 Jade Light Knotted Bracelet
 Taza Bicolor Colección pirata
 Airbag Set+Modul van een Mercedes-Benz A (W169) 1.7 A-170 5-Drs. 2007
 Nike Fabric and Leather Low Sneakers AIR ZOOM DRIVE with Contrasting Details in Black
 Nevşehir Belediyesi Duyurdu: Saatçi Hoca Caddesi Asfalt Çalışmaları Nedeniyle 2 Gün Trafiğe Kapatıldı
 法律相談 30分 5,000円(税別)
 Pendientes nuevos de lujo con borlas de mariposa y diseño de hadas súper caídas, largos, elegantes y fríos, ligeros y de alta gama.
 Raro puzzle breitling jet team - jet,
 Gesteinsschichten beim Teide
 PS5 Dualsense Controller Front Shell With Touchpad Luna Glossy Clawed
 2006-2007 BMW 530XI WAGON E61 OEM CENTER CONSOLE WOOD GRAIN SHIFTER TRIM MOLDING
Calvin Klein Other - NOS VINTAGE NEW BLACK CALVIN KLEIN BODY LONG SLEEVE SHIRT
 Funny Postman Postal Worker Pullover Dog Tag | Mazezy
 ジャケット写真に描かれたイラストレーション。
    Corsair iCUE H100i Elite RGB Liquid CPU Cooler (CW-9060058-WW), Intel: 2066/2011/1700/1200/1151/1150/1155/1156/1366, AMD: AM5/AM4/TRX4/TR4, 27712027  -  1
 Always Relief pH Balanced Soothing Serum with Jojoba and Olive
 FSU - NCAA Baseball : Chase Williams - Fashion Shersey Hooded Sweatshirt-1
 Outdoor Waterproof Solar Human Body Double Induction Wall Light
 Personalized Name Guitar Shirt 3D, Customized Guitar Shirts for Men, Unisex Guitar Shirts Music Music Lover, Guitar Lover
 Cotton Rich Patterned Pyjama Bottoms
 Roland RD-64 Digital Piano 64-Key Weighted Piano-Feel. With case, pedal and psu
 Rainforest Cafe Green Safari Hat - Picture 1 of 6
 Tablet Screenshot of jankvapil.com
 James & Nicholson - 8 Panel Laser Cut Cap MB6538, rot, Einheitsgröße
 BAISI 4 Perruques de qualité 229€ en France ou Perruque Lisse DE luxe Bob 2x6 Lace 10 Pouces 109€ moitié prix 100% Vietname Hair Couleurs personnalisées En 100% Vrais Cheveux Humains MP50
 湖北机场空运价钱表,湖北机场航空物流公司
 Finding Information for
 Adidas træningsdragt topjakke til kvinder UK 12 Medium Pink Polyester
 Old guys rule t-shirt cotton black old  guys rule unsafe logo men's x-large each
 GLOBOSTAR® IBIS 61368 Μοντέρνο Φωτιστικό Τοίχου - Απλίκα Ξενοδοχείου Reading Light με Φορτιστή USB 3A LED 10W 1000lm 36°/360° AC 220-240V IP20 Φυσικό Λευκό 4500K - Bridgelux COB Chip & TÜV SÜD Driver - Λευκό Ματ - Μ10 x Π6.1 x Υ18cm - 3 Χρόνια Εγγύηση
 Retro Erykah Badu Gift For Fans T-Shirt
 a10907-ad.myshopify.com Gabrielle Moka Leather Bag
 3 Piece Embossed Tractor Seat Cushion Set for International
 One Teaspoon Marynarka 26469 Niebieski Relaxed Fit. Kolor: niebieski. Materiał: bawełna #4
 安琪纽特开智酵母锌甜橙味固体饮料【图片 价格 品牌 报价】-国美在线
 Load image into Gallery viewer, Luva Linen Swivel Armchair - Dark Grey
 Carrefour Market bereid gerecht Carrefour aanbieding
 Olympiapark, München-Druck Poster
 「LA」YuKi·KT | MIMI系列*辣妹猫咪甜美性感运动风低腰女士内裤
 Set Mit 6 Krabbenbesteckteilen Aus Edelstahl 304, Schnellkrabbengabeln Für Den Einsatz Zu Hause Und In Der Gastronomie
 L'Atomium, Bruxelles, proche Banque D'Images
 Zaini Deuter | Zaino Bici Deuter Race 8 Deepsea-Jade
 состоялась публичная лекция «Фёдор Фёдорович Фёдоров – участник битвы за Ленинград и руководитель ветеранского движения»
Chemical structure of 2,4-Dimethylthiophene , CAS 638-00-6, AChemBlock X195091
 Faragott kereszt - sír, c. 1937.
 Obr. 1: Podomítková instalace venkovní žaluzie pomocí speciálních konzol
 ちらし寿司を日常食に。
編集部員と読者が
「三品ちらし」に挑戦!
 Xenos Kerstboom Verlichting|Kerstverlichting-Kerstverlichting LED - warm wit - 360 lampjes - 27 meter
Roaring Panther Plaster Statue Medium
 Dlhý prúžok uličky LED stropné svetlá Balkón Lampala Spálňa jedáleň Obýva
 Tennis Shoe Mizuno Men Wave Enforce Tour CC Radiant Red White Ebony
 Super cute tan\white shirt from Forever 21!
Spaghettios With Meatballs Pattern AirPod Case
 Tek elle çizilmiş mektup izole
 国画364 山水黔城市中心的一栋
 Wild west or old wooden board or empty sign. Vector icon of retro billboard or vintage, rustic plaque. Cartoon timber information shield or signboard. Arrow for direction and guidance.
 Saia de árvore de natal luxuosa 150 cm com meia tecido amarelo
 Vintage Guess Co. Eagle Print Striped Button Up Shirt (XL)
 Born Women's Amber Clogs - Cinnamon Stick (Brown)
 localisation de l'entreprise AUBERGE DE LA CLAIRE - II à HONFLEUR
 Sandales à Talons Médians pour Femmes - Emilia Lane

····················

### ASSIGNMENT
Every line above that holds the string "Medium" should be returned.

### EXERCISE ANSWER
 Adidas træningsdragt topjakke til kvinder UK 12 Medium Pink Polyester
Roaring Panther Plaster Statue Medium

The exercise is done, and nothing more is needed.